Data extract:
[Start of section]

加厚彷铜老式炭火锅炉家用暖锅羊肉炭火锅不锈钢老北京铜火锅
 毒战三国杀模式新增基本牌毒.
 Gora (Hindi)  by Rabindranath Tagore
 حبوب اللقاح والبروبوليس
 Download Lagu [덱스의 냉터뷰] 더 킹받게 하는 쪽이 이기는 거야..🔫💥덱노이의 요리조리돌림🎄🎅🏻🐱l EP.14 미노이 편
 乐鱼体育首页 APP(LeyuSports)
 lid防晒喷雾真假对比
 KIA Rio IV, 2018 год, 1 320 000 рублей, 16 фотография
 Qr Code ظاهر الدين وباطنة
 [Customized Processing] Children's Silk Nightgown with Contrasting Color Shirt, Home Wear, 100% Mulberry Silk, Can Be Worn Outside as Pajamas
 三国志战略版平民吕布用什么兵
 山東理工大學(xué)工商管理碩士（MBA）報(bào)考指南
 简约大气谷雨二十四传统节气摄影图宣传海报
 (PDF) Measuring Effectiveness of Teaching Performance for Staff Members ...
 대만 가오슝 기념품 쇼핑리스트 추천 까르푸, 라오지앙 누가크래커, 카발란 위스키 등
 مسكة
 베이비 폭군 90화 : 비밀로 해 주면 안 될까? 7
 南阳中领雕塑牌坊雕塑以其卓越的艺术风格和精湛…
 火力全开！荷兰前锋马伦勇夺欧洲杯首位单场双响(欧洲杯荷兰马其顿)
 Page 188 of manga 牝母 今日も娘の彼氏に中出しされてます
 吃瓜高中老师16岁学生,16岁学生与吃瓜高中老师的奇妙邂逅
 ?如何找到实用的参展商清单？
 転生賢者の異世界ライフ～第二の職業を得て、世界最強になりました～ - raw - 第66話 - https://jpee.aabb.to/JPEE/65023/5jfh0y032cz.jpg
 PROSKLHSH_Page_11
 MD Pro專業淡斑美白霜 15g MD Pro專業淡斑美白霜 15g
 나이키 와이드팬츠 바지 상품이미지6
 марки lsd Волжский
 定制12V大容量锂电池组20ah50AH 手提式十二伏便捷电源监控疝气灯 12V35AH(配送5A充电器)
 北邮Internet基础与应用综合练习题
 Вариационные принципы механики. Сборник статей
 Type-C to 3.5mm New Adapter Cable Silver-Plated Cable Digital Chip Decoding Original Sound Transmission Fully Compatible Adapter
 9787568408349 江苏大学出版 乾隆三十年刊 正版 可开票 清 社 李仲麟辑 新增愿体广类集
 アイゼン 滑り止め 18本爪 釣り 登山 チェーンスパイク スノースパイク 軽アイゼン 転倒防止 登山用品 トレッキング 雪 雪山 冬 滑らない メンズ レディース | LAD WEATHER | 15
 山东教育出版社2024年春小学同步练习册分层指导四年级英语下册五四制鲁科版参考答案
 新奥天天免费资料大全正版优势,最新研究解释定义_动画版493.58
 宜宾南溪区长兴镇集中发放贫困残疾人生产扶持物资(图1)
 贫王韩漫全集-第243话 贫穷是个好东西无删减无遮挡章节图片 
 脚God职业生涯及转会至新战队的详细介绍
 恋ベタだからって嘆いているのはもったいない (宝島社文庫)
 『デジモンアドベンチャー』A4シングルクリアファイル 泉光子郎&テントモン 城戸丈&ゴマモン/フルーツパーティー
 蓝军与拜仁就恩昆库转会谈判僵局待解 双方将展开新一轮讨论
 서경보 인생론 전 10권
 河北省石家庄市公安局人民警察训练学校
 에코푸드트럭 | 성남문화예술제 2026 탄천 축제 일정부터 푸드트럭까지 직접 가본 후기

[End of section]

Exercise directions: Locate "марки lsd Волжский" in the material, then quote the line that contains it and all lines after it through the final one.

Answer to this task:
 марки lsd Волжский
 定制12V大容量锂电池组20ah50AH 手提式十二伏便捷电源监控疝气灯 12V35AH(配送5A充电器)
 北邮Internet基础与应用综合练习题
 Вариационные принципы механики. Сборник статей
 Type-C to 3.5mm New Adapter Cable Silver-Plated Cable Digital Chip Decoding Original Sound Transmission Fully Compatible Adapter
 9787568408349 江苏大学出版 乾隆三十年刊 正版 可开票 清 社 李仲麟辑 新增愿体广类集
 アイゼン 滑り止め 18本爪 釣り 登山 チェーンスパイク スノースパイク 軽アイゼン 転倒防止 登山用品 トレッキング 雪 雪山 冬 滑らない メンズ レディース | LAD WEATHER | 15
 山东教育出版社2024年春小学同步练习册分层指导四年级英语下册五四制鲁科版参考答案
 新奥天天免费资料大全正版优势,最新研究解释定义_动画版493.58
 宜宾南溪区长兴镇集中发放贫困残疾人生产扶持物资(图1)
 贫王韩漫全集-第243话 贫穷是个好东西无删减无遮挡章节图片 
 脚God职业生涯及转会至新战队的详细介绍
 恋ベタだからって嘆いているのはもったいない (宝島社文庫)
 『デジモンアドベンチャー』A4シングルクリアファイル 泉光子郎&テントモン 城戸丈&ゴマモン/フルーツパーティー
 蓝军与拜仁就恩昆库转会谈判僵局待解 双方将展开新一轮讨论
 서경보 인생론 전 10권
 河北省石家庄市公安局人民警察训练学校
 에코푸드트럭 | 성남문화예술제 2026 탄천 축제 일정부터 푸드트럭까지 직접 가본 후기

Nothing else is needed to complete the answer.